Ne Il re Cophetua e la piccola mendicante (1884), Burne-Jones fa riferimento al poema di Alfred Tennyson, a sua volta ispirato ad una leggenda che narra di come un re, innamoratosi di una giovane mendicante, comprenda che quel sentimento è più importante del denaro e del potere. Con ogni probabilità, l’opera contiene anche alcuni spunti autobiografici, dal momento che un anno prima il pittore aveva sposato la bellissima Georgiana “Georgie” MacDonald.

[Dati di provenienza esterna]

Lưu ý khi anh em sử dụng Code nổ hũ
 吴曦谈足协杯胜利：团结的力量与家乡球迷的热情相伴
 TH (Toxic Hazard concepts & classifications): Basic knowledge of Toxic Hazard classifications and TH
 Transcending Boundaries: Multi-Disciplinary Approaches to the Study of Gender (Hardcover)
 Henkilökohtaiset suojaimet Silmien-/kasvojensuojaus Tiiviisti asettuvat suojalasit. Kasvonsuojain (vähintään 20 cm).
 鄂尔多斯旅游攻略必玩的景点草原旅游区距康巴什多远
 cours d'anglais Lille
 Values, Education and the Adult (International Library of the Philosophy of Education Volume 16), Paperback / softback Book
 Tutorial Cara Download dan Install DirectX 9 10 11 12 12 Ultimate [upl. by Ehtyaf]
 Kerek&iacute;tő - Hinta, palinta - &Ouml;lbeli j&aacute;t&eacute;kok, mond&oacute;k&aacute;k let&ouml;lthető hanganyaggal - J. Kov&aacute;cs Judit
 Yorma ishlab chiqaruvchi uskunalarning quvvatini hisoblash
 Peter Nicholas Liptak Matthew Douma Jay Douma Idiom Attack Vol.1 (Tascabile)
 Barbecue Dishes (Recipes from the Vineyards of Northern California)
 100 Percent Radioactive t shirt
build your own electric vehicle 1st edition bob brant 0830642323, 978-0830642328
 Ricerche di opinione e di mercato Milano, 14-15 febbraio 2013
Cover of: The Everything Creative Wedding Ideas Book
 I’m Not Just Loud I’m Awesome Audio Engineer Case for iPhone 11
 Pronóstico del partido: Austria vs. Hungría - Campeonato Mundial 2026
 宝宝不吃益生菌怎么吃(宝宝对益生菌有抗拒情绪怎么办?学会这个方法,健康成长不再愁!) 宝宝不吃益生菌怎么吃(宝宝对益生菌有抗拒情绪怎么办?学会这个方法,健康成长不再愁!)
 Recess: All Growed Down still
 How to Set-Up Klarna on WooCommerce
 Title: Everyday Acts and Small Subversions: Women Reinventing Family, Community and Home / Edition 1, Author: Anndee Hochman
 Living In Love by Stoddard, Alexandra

La scena è ambientata in una struttura architettonica dalle eleganti componenti rinascimentali, ammirate durante un viaggio in Italia.

Scrive Stanley Baldwin: “Secondo la mia opinione, quel che ha fatto per noi persone comuni [Edward Burne-Jones] è stato aprire, come nessuno le ha mai aperte, finestre su un mondo fatato, nel quale lui ha vissuto per tutta la sua vita […] Per quei pochi di noi che lo hanno conosciuto ed amato, ne conserveremo il ricordo nei nostri cuori, ma il suo lavoro sarà vivo anche dopo che noi verremo a mancare. Il suo messaggio passerà in una generazione a pochi eletti, o in un’altra a più persone, ma ci sarà sempre per coloro che ricercano la bellezza nella propria classe, e per coloro che riescono a riconoscere e venerare un grande uomo, ed un grande artista”.